Consolidation may bring unexpected costs for cloud data center operators if it damages hardware reliability, according to a study published by the IEEE.

The organization states that, as the average utilization of IT equipment in cloud data centers is between 10 and 50 percent, and since idle servers still consume approximately 70 percent of their peak power, it makes sense to run virtual machines (VM) on as few physical machines (PM) as possible, switching idle servers off and back on according to workload fluctuations.
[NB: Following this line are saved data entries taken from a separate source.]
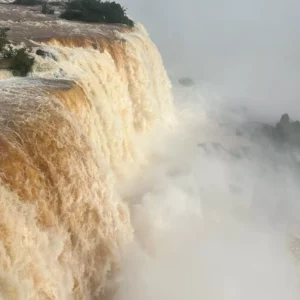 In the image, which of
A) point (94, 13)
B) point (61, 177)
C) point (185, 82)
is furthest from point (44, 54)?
point (185, 82)

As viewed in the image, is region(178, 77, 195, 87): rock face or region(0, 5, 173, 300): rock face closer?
region(0, 5, 173, 300): rock face

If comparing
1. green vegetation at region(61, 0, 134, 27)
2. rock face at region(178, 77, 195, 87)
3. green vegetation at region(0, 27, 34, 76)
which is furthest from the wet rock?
rock face at region(178, 77, 195, 87)

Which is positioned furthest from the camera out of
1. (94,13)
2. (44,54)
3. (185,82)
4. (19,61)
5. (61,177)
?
(185,82)

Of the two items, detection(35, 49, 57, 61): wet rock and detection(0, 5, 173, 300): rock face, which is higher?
detection(35, 49, 57, 61): wet rock

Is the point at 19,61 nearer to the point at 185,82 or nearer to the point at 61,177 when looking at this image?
the point at 61,177

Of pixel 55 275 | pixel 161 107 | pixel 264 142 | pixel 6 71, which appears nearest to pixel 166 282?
pixel 55 275

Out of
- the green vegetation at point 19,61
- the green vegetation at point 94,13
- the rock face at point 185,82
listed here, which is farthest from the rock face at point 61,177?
the rock face at point 185,82

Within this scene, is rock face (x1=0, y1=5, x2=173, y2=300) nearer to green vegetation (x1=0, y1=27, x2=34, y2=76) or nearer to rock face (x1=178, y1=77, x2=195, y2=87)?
green vegetation (x1=0, y1=27, x2=34, y2=76)

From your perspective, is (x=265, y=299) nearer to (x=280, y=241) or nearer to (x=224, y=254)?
(x=224, y=254) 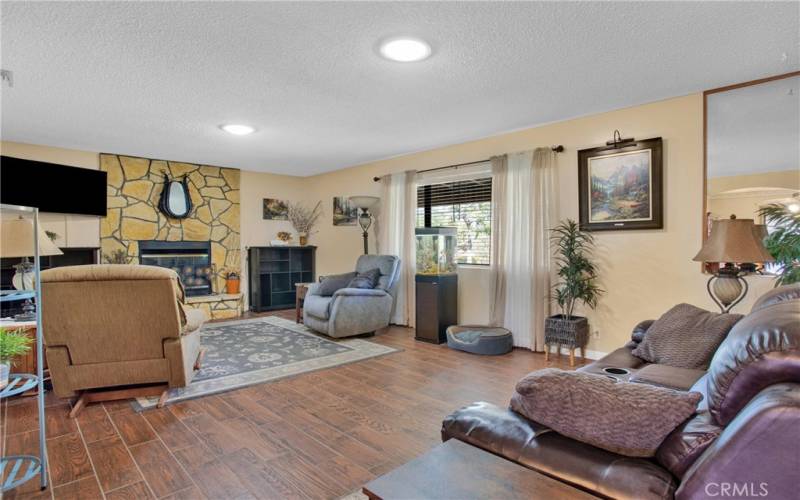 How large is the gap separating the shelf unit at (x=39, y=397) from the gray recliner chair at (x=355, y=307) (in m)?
2.86

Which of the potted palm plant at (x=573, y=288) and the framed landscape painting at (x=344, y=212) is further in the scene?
the framed landscape painting at (x=344, y=212)

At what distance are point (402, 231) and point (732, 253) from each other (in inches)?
143

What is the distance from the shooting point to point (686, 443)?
0.94 meters

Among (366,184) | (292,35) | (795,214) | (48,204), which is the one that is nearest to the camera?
(292,35)

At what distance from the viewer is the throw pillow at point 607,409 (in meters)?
0.99

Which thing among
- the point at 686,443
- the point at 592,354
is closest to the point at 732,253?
the point at 592,354

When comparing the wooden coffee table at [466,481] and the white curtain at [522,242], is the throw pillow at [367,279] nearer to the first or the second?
the white curtain at [522,242]

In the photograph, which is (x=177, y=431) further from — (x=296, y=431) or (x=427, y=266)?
(x=427, y=266)

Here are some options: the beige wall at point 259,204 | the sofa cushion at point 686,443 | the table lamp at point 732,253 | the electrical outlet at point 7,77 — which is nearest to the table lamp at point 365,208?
the beige wall at point 259,204

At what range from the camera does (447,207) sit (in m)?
5.32

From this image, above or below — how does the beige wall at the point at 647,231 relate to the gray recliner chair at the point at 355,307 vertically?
above

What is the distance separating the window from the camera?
194 inches

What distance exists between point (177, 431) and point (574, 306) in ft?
11.5

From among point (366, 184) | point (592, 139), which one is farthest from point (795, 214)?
point (366, 184) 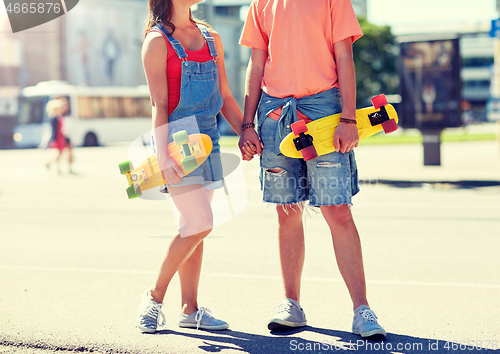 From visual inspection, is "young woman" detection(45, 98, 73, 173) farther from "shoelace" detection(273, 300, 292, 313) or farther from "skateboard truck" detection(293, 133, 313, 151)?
"skateboard truck" detection(293, 133, 313, 151)

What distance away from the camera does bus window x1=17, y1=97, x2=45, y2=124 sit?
29.1m

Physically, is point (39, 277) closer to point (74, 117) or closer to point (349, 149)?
point (349, 149)

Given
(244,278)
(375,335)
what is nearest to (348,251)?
(375,335)

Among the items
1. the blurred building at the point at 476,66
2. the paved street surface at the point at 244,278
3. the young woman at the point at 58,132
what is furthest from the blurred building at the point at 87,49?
the blurred building at the point at 476,66

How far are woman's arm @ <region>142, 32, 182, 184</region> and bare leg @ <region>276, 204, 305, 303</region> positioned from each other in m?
0.64

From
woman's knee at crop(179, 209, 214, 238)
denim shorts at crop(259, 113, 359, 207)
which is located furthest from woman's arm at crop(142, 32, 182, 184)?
denim shorts at crop(259, 113, 359, 207)

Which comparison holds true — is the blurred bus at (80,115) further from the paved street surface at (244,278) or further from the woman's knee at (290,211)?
the woman's knee at (290,211)

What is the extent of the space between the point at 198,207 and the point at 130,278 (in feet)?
5.16

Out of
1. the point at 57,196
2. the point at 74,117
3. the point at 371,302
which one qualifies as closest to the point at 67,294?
the point at 371,302

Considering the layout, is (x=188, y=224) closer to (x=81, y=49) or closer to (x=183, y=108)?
(x=183, y=108)

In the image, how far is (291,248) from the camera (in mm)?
3314

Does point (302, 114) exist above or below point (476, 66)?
below

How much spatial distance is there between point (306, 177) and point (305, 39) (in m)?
0.71

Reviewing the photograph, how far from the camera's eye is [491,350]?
289 cm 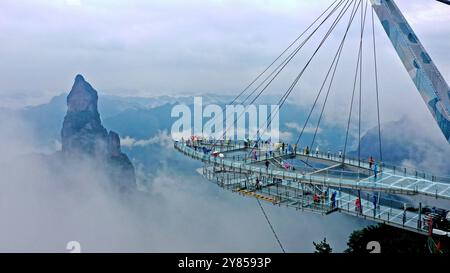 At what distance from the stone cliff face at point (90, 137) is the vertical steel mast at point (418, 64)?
41248 millimetres

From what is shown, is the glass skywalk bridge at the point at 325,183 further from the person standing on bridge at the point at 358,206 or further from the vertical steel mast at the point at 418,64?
the vertical steel mast at the point at 418,64

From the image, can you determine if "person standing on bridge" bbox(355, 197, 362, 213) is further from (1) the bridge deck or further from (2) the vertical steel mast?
(2) the vertical steel mast

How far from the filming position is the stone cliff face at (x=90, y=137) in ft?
162

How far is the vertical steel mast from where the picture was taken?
11570 millimetres

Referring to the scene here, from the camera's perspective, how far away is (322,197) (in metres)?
12.9

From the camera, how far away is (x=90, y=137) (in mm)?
51406

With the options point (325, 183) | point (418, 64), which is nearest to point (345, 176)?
point (325, 183)

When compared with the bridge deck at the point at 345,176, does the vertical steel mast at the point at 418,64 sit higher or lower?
higher

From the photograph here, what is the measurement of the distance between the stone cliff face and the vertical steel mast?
4125 cm

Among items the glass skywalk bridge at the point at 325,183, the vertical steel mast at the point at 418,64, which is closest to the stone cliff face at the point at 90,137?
the glass skywalk bridge at the point at 325,183

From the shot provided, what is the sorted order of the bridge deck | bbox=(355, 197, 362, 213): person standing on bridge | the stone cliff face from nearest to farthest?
the bridge deck → bbox=(355, 197, 362, 213): person standing on bridge → the stone cliff face

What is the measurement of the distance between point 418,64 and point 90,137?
45.8 meters

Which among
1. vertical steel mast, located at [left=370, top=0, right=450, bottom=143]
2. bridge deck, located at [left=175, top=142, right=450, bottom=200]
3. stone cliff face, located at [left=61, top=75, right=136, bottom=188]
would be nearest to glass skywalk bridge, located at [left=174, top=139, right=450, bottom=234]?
bridge deck, located at [left=175, top=142, right=450, bottom=200] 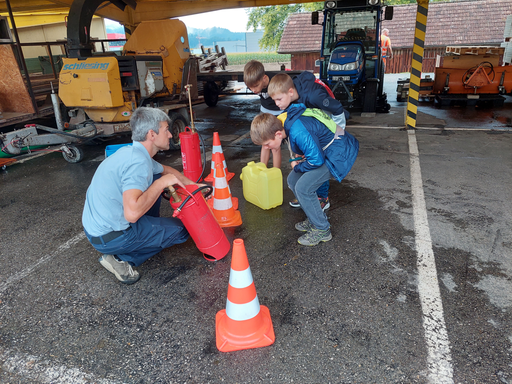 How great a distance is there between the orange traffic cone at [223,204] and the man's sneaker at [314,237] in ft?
2.64

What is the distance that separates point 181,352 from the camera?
2254 mm

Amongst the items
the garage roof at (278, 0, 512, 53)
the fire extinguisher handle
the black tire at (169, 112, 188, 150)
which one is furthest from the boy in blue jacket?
the garage roof at (278, 0, 512, 53)

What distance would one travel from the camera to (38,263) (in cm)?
329

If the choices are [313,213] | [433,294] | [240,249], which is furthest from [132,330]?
[433,294]

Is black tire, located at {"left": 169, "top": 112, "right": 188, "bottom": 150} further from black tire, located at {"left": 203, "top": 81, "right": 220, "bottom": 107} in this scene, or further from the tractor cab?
black tire, located at {"left": 203, "top": 81, "right": 220, "bottom": 107}

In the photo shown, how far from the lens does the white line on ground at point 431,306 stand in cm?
207

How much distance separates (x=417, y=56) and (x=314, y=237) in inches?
247

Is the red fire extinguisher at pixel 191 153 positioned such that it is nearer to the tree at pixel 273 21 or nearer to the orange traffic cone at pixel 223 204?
the orange traffic cone at pixel 223 204

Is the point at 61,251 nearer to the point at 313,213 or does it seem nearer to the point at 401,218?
the point at 313,213

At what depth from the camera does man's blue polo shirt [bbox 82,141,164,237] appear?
252 cm

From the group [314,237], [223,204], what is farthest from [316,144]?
[223,204]

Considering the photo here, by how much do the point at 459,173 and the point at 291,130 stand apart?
345 centimetres

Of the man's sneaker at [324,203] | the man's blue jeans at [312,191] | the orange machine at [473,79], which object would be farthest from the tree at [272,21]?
the man's blue jeans at [312,191]

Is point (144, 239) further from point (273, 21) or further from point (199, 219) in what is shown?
point (273, 21) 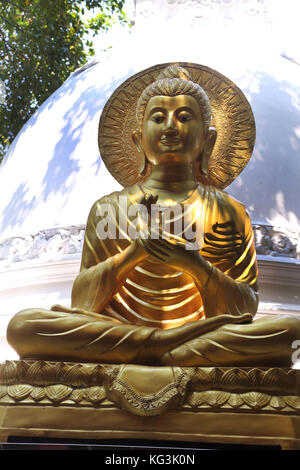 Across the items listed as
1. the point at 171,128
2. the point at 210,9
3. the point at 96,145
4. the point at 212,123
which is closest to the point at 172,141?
the point at 171,128

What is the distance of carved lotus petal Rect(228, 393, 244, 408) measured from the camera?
2789 mm

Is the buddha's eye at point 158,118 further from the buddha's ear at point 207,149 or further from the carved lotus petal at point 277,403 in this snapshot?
the carved lotus petal at point 277,403

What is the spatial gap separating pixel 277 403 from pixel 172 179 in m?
1.51

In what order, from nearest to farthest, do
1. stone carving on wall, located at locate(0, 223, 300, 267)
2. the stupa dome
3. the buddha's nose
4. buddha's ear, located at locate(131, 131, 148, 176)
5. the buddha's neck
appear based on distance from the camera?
1. the buddha's nose
2. the buddha's neck
3. buddha's ear, located at locate(131, 131, 148, 176)
4. stone carving on wall, located at locate(0, 223, 300, 267)
5. the stupa dome

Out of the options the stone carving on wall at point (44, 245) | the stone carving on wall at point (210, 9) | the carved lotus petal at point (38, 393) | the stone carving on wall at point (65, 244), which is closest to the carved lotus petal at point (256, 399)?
the carved lotus petal at point (38, 393)

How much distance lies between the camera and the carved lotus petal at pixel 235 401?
2789 mm

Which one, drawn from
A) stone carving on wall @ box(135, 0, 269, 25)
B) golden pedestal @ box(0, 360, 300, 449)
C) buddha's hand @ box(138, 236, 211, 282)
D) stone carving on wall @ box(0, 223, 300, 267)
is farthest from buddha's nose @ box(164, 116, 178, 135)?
stone carving on wall @ box(135, 0, 269, 25)

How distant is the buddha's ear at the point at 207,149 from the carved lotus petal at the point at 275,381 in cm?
145

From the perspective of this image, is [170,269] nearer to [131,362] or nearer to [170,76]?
[131,362]

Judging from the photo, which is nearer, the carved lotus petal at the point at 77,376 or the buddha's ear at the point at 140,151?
the carved lotus petal at the point at 77,376

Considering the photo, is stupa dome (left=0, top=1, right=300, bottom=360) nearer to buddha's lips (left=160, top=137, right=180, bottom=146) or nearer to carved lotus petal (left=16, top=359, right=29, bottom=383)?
buddha's lips (left=160, top=137, right=180, bottom=146)

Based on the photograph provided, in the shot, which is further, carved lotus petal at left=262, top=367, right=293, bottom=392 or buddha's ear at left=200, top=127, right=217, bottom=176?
buddha's ear at left=200, top=127, right=217, bottom=176

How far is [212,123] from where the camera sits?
4.11 metres

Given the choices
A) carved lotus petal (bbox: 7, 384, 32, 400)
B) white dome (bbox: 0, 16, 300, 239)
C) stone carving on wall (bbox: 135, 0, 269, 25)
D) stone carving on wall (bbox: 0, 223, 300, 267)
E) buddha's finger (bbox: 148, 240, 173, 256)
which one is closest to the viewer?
carved lotus petal (bbox: 7, 384, 32, 400) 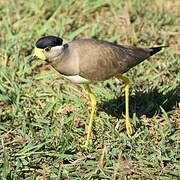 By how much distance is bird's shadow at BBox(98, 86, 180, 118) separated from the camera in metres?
4.75

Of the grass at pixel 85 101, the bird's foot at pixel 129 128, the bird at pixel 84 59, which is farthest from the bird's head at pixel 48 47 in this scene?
the bird's foot at pixel 129 128

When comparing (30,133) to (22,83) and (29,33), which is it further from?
(29,33)

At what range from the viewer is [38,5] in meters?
6.36

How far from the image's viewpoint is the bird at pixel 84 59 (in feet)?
13.5

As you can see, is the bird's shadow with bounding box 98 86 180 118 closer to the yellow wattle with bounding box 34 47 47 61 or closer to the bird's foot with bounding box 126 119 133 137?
the bird's foot with bounding box 126 119 133 137

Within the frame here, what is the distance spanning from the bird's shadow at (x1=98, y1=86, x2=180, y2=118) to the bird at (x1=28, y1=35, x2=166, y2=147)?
0.33 meters

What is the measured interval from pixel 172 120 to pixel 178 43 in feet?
4.55

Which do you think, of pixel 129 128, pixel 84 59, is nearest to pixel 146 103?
pixel 129 128

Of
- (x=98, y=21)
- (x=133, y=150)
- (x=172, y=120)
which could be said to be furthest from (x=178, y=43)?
(x=133, y=150)

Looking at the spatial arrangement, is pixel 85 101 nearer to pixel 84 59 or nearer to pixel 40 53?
pixel 84 59

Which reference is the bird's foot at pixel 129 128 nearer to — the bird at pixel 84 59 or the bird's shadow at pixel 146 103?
the bird at pixel 84 59

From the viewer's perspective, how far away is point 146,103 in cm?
483

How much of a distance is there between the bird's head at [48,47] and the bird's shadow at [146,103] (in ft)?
2.91

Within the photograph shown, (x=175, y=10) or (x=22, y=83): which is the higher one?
(x=175, y=10) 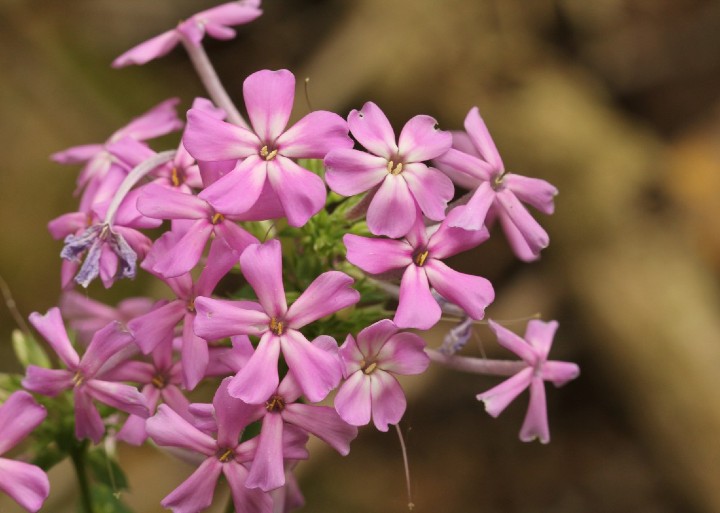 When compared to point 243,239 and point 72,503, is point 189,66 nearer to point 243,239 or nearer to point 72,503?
point 72,503

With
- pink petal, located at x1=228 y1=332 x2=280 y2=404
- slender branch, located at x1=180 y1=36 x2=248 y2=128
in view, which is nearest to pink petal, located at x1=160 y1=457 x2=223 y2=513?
pink petal, located at x1=228 y1=332 x2=280 y2=404

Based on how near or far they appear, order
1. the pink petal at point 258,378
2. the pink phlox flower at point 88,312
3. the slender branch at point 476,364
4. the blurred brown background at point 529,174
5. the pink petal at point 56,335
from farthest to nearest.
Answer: the blurred brown background at point 529,174 < the pink phlox flower at point 88,312 < the slender branch at point 476,364 < the pink petal at point 56,335 < the pink petal at point 258,378

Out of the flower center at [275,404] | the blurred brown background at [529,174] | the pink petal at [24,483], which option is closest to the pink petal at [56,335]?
the pink petal at [24,483]

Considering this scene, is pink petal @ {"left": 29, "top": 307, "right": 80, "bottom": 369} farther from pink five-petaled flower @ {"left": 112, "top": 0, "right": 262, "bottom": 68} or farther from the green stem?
pink five-petaled flower @ {"left": 112, "top": 0, "right": 262, "bottom": 68}

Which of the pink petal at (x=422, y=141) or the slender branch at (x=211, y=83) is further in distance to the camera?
the slender branch at (x=211, y=83)

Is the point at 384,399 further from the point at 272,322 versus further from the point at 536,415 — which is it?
the point at 536,415

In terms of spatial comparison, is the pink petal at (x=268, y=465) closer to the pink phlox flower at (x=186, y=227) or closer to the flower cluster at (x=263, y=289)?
the flower cluster at (x=263, y=289)

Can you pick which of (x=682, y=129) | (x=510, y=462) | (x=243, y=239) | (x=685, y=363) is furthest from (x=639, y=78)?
(x=243, y=239) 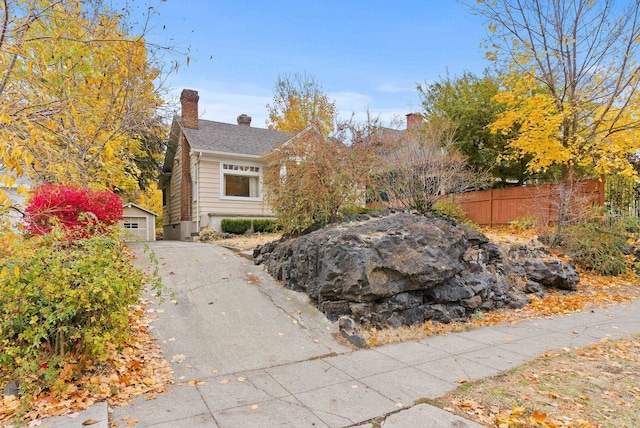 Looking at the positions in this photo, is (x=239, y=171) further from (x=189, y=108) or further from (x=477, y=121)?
(x=477, y=121)

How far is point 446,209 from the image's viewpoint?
12.0m

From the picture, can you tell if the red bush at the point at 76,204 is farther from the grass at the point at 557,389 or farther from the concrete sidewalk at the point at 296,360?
the grass at the point at 557,389

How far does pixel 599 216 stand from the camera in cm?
988

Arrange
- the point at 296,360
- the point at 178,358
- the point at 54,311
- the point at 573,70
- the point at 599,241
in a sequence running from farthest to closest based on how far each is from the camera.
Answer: the point at 573,70
the point at 599,241
the point at 296,360
the point at 178,358
the point at 54,311

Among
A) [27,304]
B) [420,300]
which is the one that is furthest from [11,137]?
[420,300]

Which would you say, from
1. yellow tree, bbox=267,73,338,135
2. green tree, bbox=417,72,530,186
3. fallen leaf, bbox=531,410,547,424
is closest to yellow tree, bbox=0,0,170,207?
fallen leaf, bbox=531,410,547,424

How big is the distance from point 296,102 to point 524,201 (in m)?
17.5

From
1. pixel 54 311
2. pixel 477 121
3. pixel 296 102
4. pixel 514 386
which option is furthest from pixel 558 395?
pixel 296 102

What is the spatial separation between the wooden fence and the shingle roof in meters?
8.02

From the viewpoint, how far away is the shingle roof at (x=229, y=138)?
14.6 m

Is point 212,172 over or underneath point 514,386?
over

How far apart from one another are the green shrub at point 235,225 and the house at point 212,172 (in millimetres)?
509

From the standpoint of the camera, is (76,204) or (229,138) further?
(229,138)

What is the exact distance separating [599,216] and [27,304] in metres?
12.2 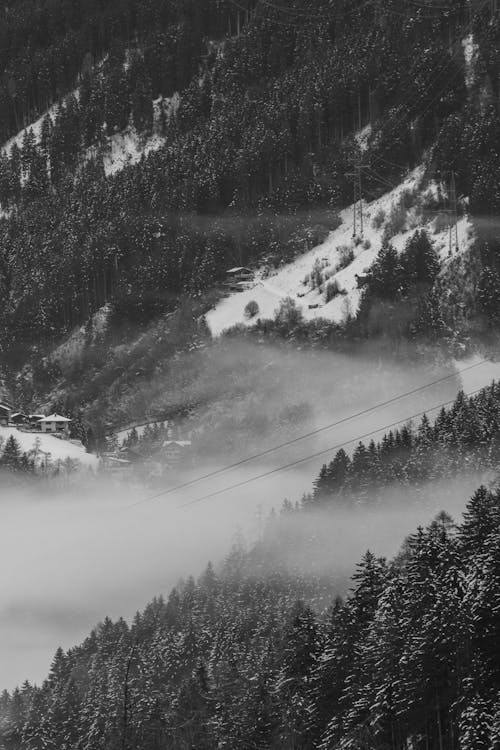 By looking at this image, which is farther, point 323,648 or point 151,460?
point 151,460

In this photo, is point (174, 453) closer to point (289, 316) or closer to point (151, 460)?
point (151, 460)

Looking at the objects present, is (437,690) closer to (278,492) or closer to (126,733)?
(126,733)

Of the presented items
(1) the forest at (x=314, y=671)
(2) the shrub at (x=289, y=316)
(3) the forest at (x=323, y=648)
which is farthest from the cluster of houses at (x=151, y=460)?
(1) the forest at (x=314, y=671)

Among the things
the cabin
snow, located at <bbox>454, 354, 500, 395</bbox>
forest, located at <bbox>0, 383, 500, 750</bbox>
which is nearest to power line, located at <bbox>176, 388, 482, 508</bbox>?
snow, located at <bbox>454, 354, 500, 395</bbox>

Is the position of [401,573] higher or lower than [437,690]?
higher

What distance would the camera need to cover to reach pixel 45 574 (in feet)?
576

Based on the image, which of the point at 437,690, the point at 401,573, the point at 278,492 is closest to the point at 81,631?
the point at 278,492

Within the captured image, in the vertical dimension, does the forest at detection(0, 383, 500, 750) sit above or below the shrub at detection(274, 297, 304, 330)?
below

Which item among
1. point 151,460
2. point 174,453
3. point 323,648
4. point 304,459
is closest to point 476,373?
point 304,459

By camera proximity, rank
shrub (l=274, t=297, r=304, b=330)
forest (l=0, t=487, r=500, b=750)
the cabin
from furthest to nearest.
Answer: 1. shrub (l=274, t=297, r=304, b=330)
2. the cabin
3. forest (l=0, t=487, r=500, b=750)

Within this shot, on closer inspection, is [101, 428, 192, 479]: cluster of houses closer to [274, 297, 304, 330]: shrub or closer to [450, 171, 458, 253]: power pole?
[274, 297, 304, 330]: shrub

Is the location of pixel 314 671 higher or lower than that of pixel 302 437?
lower

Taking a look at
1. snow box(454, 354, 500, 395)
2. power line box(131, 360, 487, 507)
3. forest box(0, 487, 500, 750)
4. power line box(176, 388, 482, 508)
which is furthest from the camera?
power line box(131, 360, 487, 507)

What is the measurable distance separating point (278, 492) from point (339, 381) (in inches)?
814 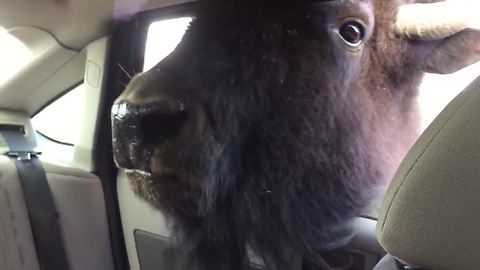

At the same time, it says 70 percent of server failures occur as a result of disk faults, and these are known to be damaged by being repeatedly switched on and off.

IEEE Piscataway
IEEE Piscataway – IEEE

Efficiency isn’t everything

Researchers highlighted that increasingly unreliable disks lead to maintenance, replacement and procurement costs; and increase the risk of downtime, which, the study states, can outweigh the savings made through consolidation.

The study presents a mathematical model in response to the problem of minimizing data center costs incurred by energy consumption, while also considering reliability and migration costs.

By trying out different ratios of physical machines (PM) and virtual machines (VM), the researchers found that while consolidation has its merits, the common approach would be more cost efficient if it was informed by factors such as equipment performance, network traffic, rack inlet temperature and hardware reliability.